コロナウイルス抗体検査イメージ 血液を使用する

もう一つはある意味悲観的で、ある意味楽観的な展望です。
ワクチン、もしくは効果的な治療薬ができたのであれば、もうコロナウイルスを恐れる必要はありません。
多くの人が海外旅行を楽しむことが出来るでしょう。伝染病予防のため、完全にコロナ前と同じ、というわけにはいかないかもしれませんが、それに近い状況まで回復します。

ただしこのシナリオの場合、海外旅行が行えるのはしばらく後になるでしょう。
現在ワクチンの開発を進めているビル・ゲイツによれば、18ヶ月もの時間がかかります。2021年の終わり頃です。
それも上手く行ったらの話です。長期化する可能性すら有りえます。

航空料金が値上げする3つの理由

更に、海外旅行を解禁した後についても考えましょう。
多くの識者は、航空料金が値上げされるとの見解を出しています。

“If the recovery is as slow as we fear, it means our airline and our workforce will have to be smaller than it is today,” said United CEO Oscar Munoz and President Scott Kirby in a message to their employees last Friday.A leaner airline industry means some of the 750,000 jobs the industry had at the start of 2020 won’t come back. Hundreds of planes will almost certainly stay grounded, which will mean less capacity and higher fares.Many of the low-cost seats that passengers have enjoyed booking will disappear.

https://edition.cnn.com/2020/04/01/business/airline-industry-outlook/index.html

「コロナからの回復が想像の通り遅くなった場合、私達の航空会社と労働力が今よりもっと縮小されなければならないことを意味します」ユナイテッド航空のCEOオスカー・ムノスと、社長のスコットカービーは先週の金曜日に従業員へのメッセージで語った。

縮小された航空業界は、2020年当初行っていた75万人もの雇用ができないことを意味します。

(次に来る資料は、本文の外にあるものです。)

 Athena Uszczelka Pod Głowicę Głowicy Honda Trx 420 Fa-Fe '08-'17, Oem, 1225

ほぼ数百もの航空機が地上に降りたままとなるため、容量の低下・運賃の高額化は避けられません。

乗客が予約を楽しんでいた低コストの座席の多くは姿を消します。

世界有数の航空会社CEOが語るとおり、少なくとも運賃の高額化は避けられないはずです。
高額化する理由はいくつかあるからです。

1.内部留保の確保

Similarly, aviation consultancy CAPA said earlier this month that by the end of May, “most airlines in the world will be bankrupt” without coordinated government and industry intervention. 

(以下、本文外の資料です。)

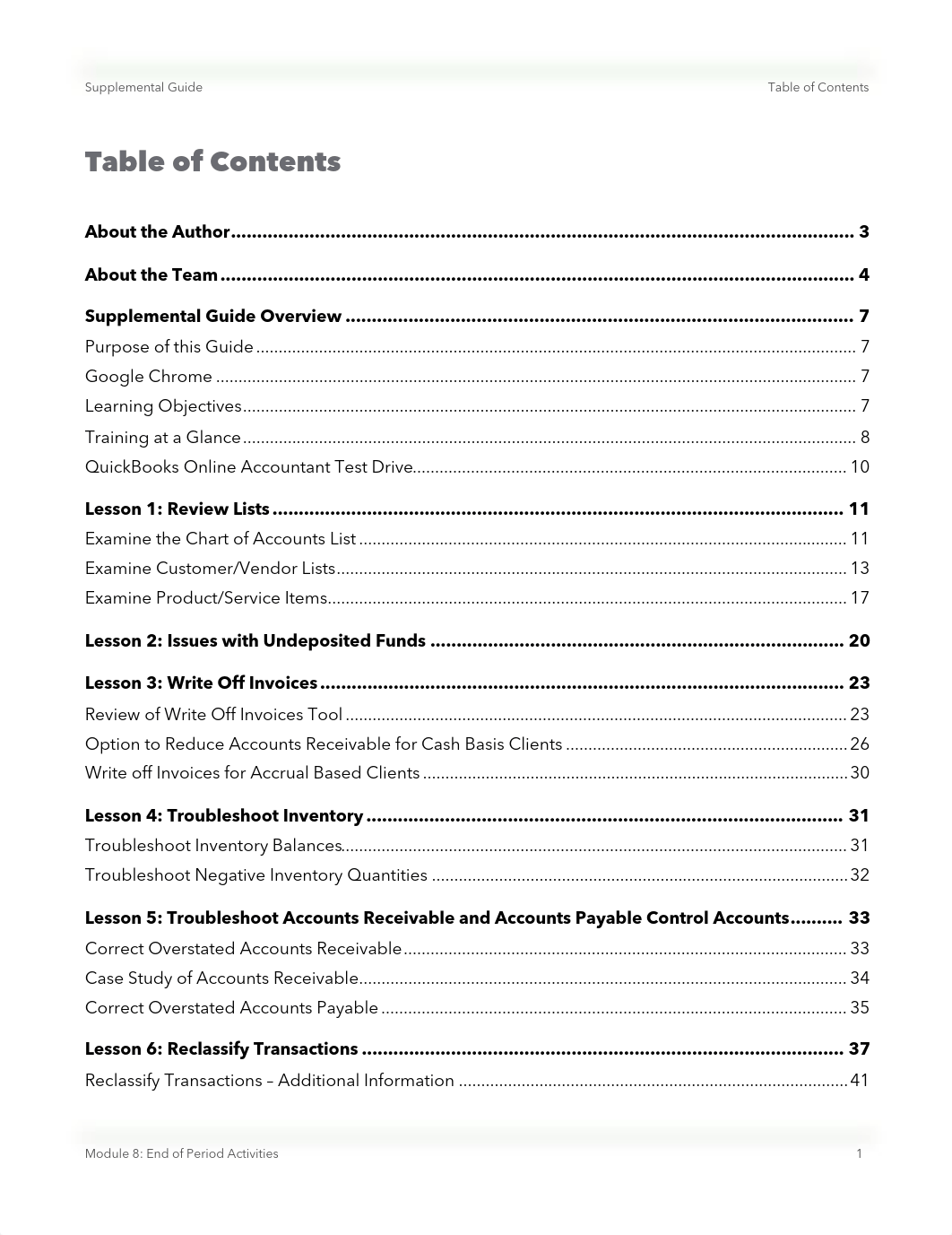 QBOA_Module_8_Supplemental_Guide_End_of_Period_activities.pdf_d8rsy6cf0mv_page3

https://www.businessinsider.com/coronavirus-airlines-that-failed-bankrupt-covid19-pandemic-2020-3#flybe-uk-march-2020-1

IATAは、世界的な航空会社が発生により少なくとも3,140億ドルを失うと推定しています。
同様に、航空コンサルタントのCAPA 今月初め、5月末までに政府と業界の協調的な介入なしに「世界のほとんどの航空会社が破産する」と語った。 

航空会社はもはや致命的までの損失を記録しています。アメリカ政府は1000億ドル(約10兆円)もの航空会社への援助や融資・労働者への給与の支払いを表明していますが、それでもカバーしきないほどの損失が出ています。
更に貧しい国の場合、維持できるのはほんの一握りの航空会社になるでしょう。

そんな中、コロナ後まで生き残っている航空会社は、次の流行に備えなければなりません。現時点で、航空会社は内部留保の少ない順に倒産しているからです。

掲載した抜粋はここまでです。